Antonio Gramsci es un antecedente esencial a tener en cuenta en dichas cuestiones. Gramsci centró la atención en los mecanismos de conformación y consolidación de la dominación a través de la hegemonía. El dominio burgués no se ejercía por imposición, sino que esa clase tenía la capacidad para establecer y preservar su liderazgo intelectual y moral, para dirigir más que obligar. En ese sentido, Gramsci enfatizó en la importancia de la relación entre cultura y política, teniendo en cuenta el papel de los intelectuales, que son quienes han organizado las revoluciones y dirigido a la clase obrera.

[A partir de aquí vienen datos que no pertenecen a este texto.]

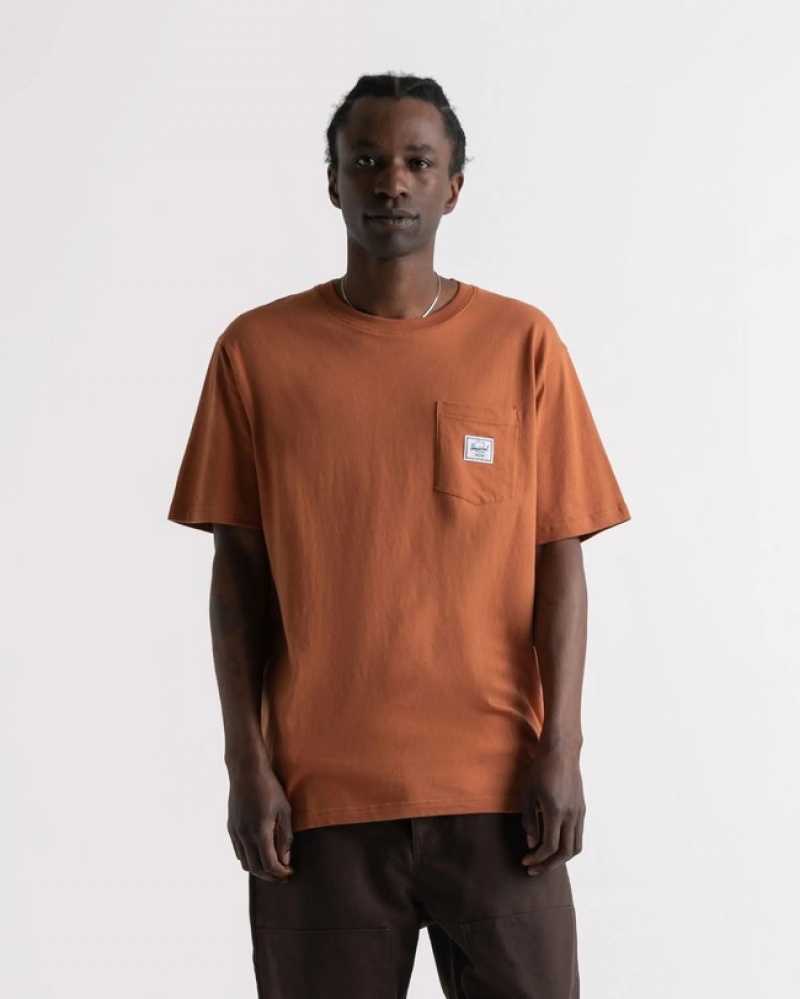 Camiseta Herschel Pocket Marrom | HNTO89132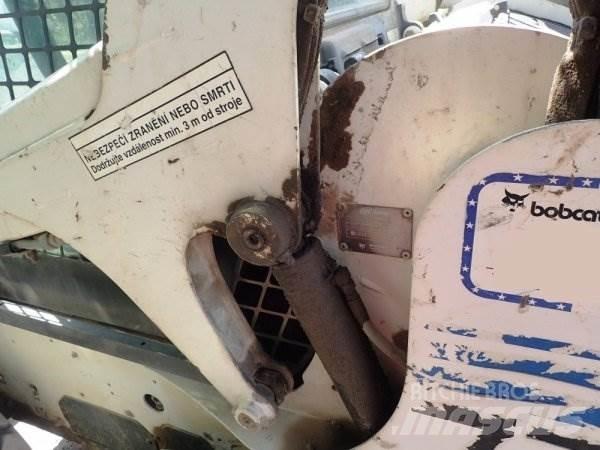 Bobcat 773 Мини товарачи
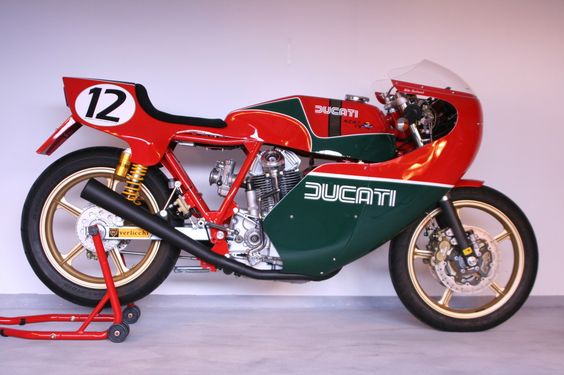 Ducati 900 MHR TT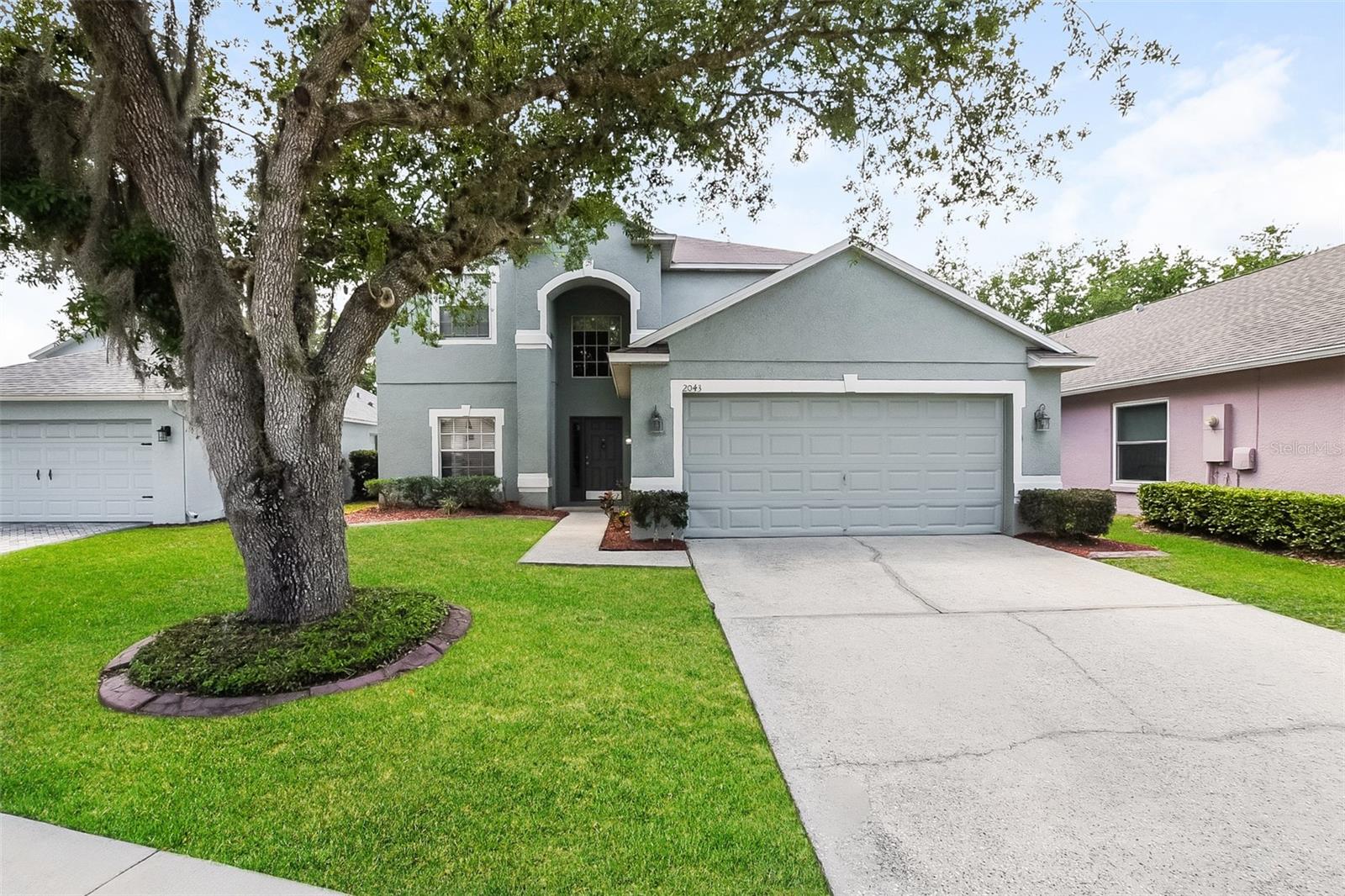 Single Family Residence in ORLANDO, FL - Daniel Dourado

En el modo capitalista, lo cultural adquiere una importancia extraordinaria para la reproducción del sistema de relaciones sociales. Esto condiciona el surgimiento de un grupo social con un peso importante en el capitalismo, que tiene la tarea de realizar una actividad intelectual, la cual no se limita ya a la legitimación ideológica del orden existente o la de difusión de la alta cultura. Ello propició al sistema capitalista encontrar una forma de afianzamiento. El intelectual aparece insertado activamente en la vida práctica como constructor, organizador (persuasivo permanentemente), no como simple orador. Por lo tanto, de lo que se está hablando es de un sector considerable que está vinculado a la hegemonía de la clase dominante (la burguesía) directamente. Pero su lugar en el poder es meramente instrumental y virtual: los intelectuales orgánicos, el nuevo intelectual de la racionalización y la tecnologización, en tanto ellos propagan las normas de la cultura cotidiana. Difunden la concepción del mundo propia del modo de producción capitalista, caracterizada por la idolatría al progreso tecnológico, la visión tecnocrática-funcionalista del progreso y la racionalidad instrumental.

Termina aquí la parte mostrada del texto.